Prepensionamenti. Un processo doloroso che, però, le banche e i sindacati cercano di governare riducendo al minimo i sacrifici per l'occupazione. Ecco quindi il ricorso agli esodi incentivati che permetteranno di mettere le banche in grado di resistere. Per il solo sistema delle Casse Rurali trentine ci sono accordi già firmati per il prepensionamento di 158 dipendenti in due anni, ma si potrebbe arrivare a circa 200 entro la fine dell'anno. Per le banche nazionali ci sono accordi già siglati per una quarantina di prepensionamenti per Unicredit, tre prepensionamenti per quanto riguarda la Banca Popolare di Vicenza e, presto, potrebbero arrivare gli accordi per una trentina di prepensionamenti per Intesa San Paolo. Per quest'ultima banca, però, come spiega Paolo Vita della Fabi non ci sono ancora le intese. In tutto quindi si potrebbe superare quota 250 entro l'anno prossimo. Un vero e proprio esodo per un categoria che in passato era sempre stata invidiata per la stabilità del posto di lavoro. Ma questa cifra potrebbe anche essere arrotondata per difetto, dal momento che è ancora in corso il processo di fusioni che interessa le Casse Rurali che in meno di due anni passano da 41 a 23 e potrebbero ancora scendere di numero.

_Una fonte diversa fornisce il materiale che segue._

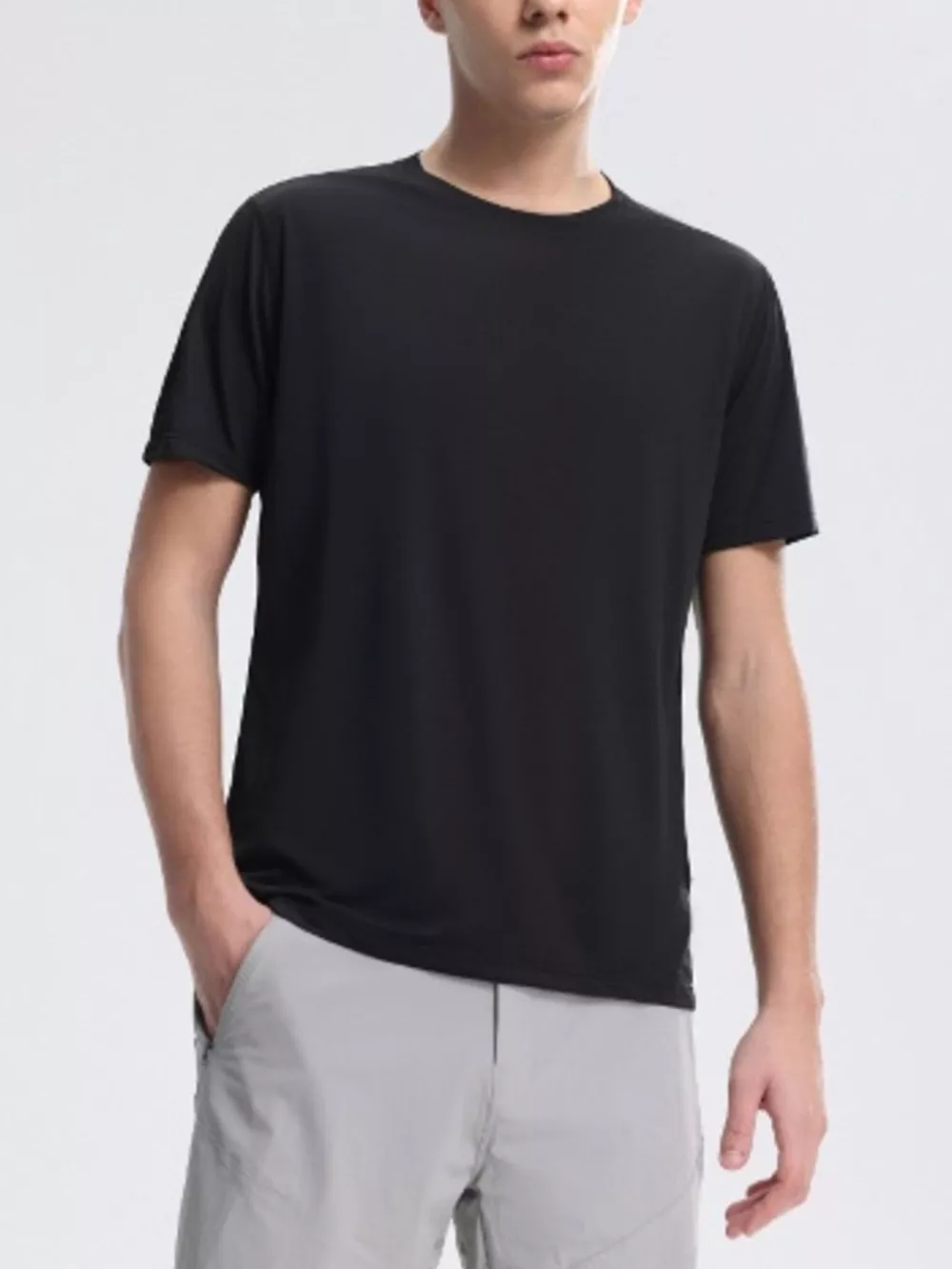 Men's Full Size Lightweight Breathable Short Sleeve T-Shirt Plus Size, image 9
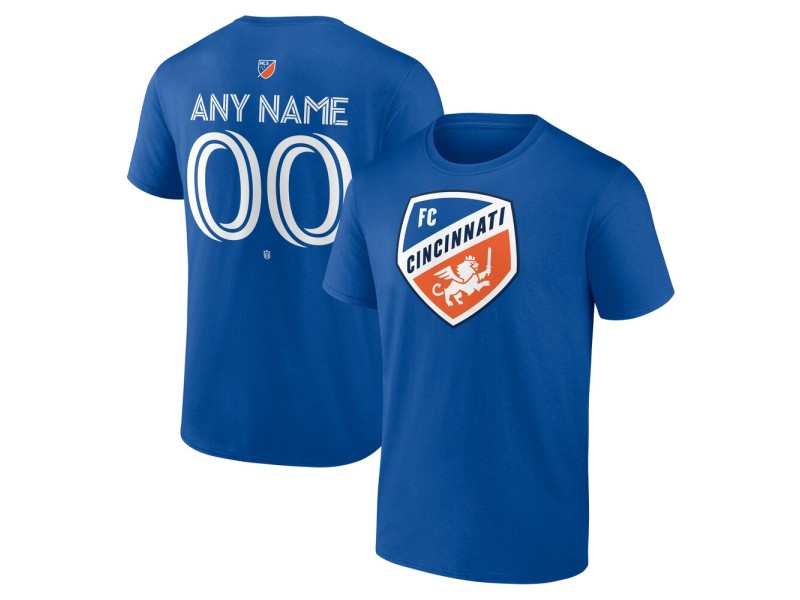 Men's FC Cincinnati Custom Team Authentic T-Shirt - Royal
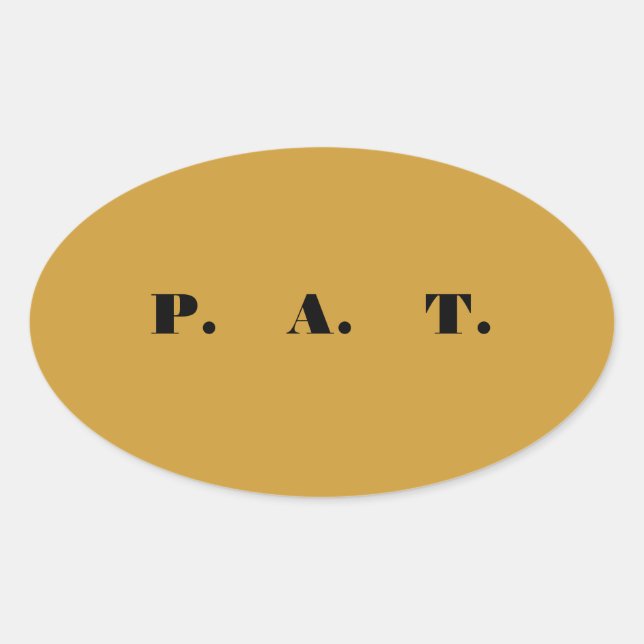 Adesivo Oval P.A.T. Sticker (Frente)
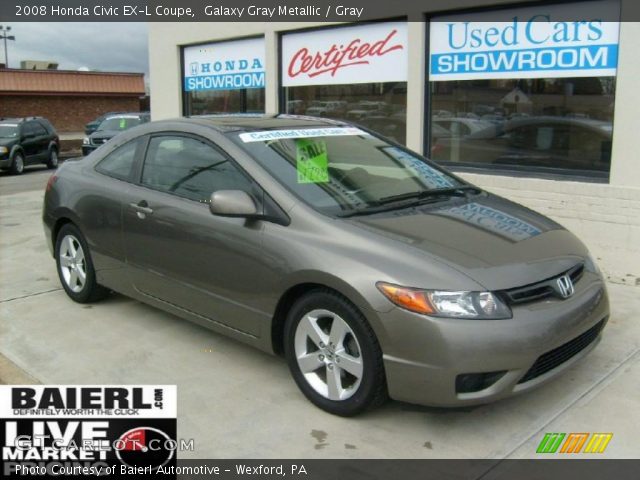 2008 Honda Civic EX-L Coupe in Galaxy Gray Metallic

Filiali ridotte. Con le fusioni arrivano anche le razionalizzazioni, sia in termini di numero di dipendenti che in termini di numero di sportelli. Per quanto riguarda le sole Rurali, entro la fine dell'anno si dovrebbe scendere di una trentina di filiali dalle attuali 340.
Come si è visto a Trento dopo la fusione con Aldeno, vengono chiuse le filiali che si sovrappongono e i dipendenti vengono impiegati o nei servizi centrali o in altri sportelli. Ma la chiusura di filiali ha riguardato anche le banche che fanno riferimento all'Abi. Sempre Vita fa notare che non ci sono grosse consguenze per l'utenza: «Per il cliente non è cambiato quasi niente. Al massimo cambia l'Iban se chiude la filiale, ma non abbia registrato inefficienze». Del resto, come spiega il segretario della Fabi Domenico Mazzucchi, «il sistema cerca di riorganizzarsi. Anche le banche nazionali hanno portato avanti processi di acquisizioni e razionalizzazione. Le Casse Rurali stanno facendo la stessa cosa, ma tenendo ben presente la loro mission che è quella di essere vicine al territorio».

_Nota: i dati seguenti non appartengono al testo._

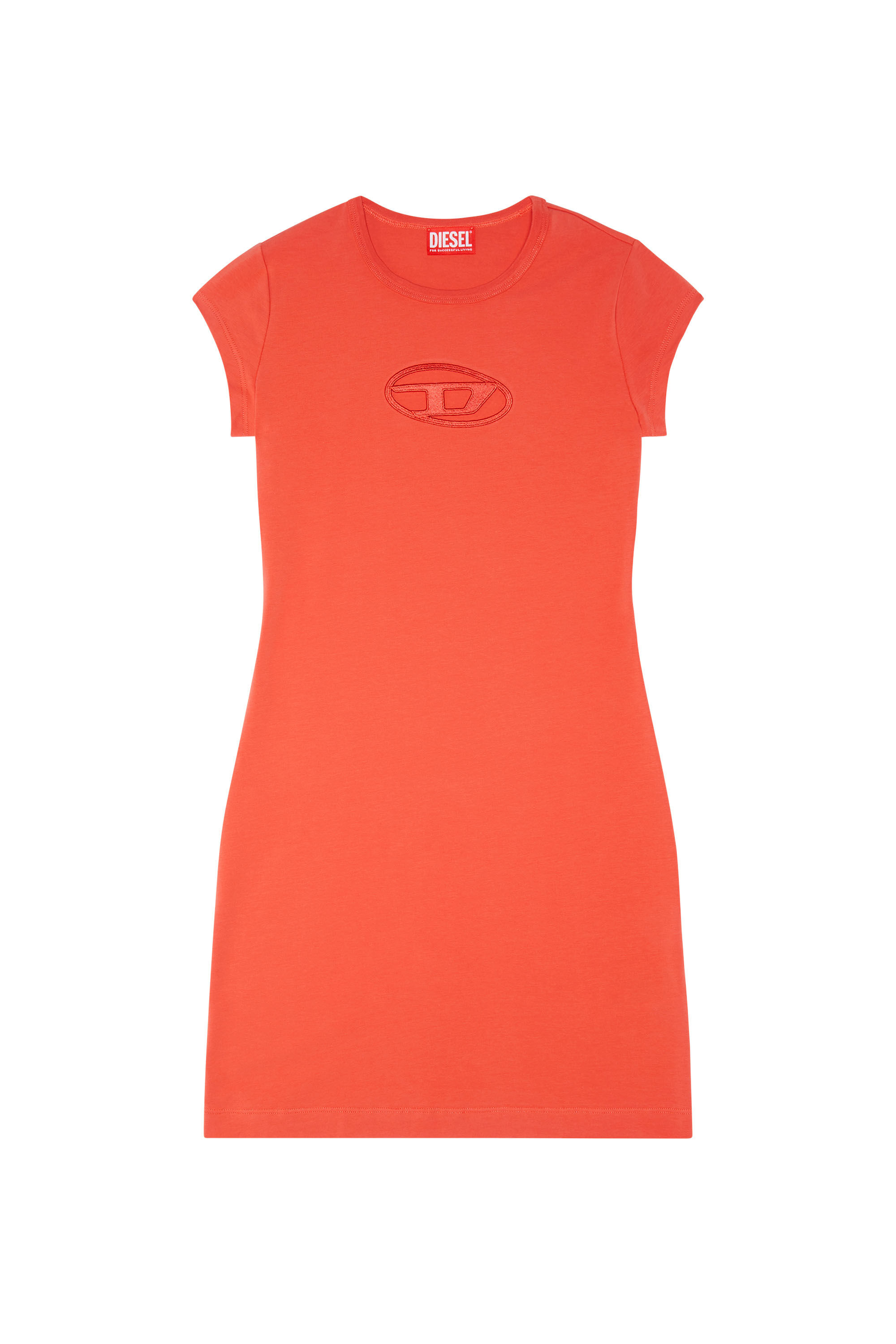 Diesel - D-ANGIEL, Female's Short dress in Coral Rose - 2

Le fusioni. Ed ecco così che arrivano le fusioni con le 41 Casse Rurali che c'erano nel 2015 che passeranno entro la fine dell'anno a 23. I progetti operativi ancora in corsa sono quelli che porteranno alla fusione delle Rurali degli Altipiani con Bassa Vallagarina e Isera e Cassa Rurale di Giovo con Mezzolombardo, San Michele e Roverè della Luna. A ottobre partirà la fusione tra Lavis-Valle di Cembra con Mezzocorona. Invece sono ancora in fase di approvazione da parte della Banca d'Italia la fusione tra Rurale Centrofiemme e Rurale Fiemme, da una parte, e Cassa Rurale Val di Fassa e Agordino con Rurale Primiero e Vanoi. E' in fase di predisposizione, infine, il progetto di fusione tra Rurale Alta Vallagarina, Rurale di Rovereto e Rurale di Lizzana. In questa situazione svolge una funzione fondamentale il Focc, il fondo finanziato da Casse Rurali e dipendenti che ha lo scopo di finanziare i prepensionamenti. A livello nazionale, sono le singole banche che finanziano il fondo di solidarietà. Il fondo è lo strumento che permette di collocare in prepensiomanento fino a un massimo di 7 anni i lavoratori del settore bancario.